- **Input data**:
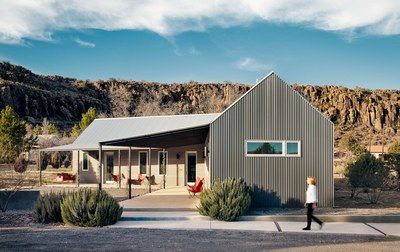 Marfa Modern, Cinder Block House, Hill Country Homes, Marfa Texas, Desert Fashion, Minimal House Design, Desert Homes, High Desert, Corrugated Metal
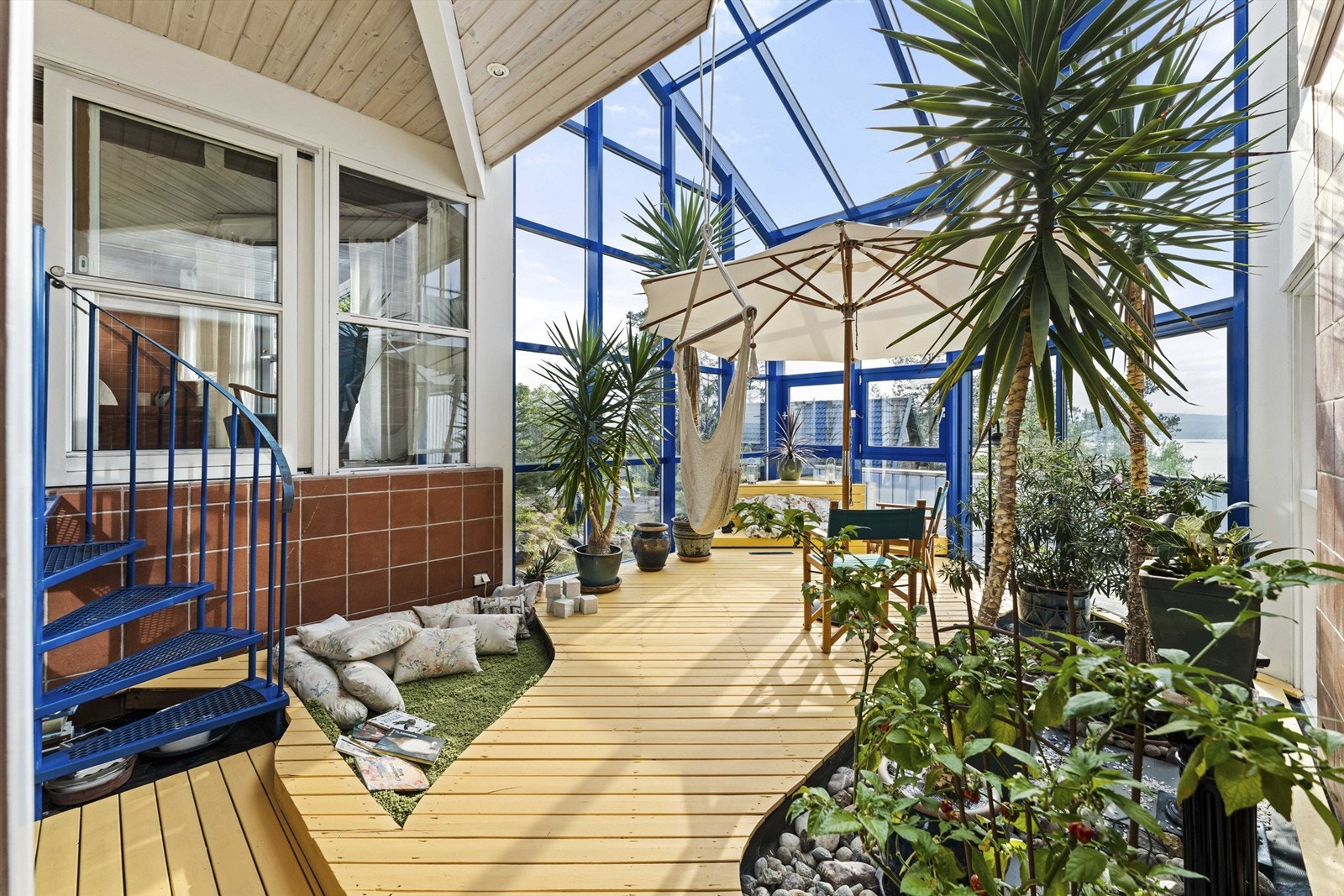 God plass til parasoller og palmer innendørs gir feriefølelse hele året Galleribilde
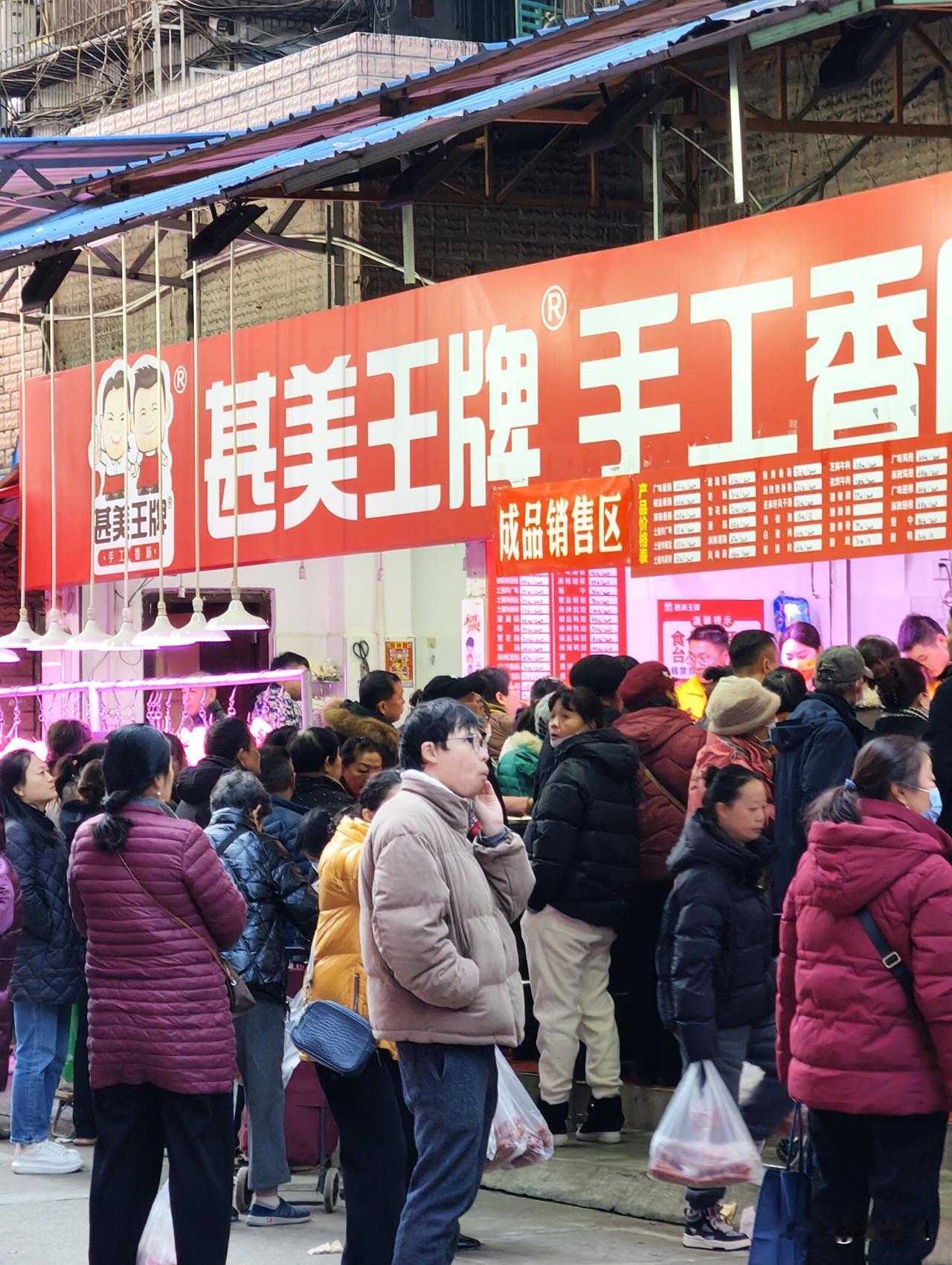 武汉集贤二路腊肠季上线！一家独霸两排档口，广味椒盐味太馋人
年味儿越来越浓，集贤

- **Task details**: Leave out the images and write out the listing above exactly.

- **Answer to the exercise**:
 Marfa Modern, Cinder Block House, Hill Country Homes, Marfa Texas, Desert Fashion, Minimal House Design, Desert Homes, High Desert, Corrugated Metal
 God plass til parasoller og palmer innendørs gir feriefølelse hele året Galleribilde
 武汉集贤二路腊肠季上线！一家独霸两排档口，广味椒盐味太馋人
年味儿越来越浓，集贤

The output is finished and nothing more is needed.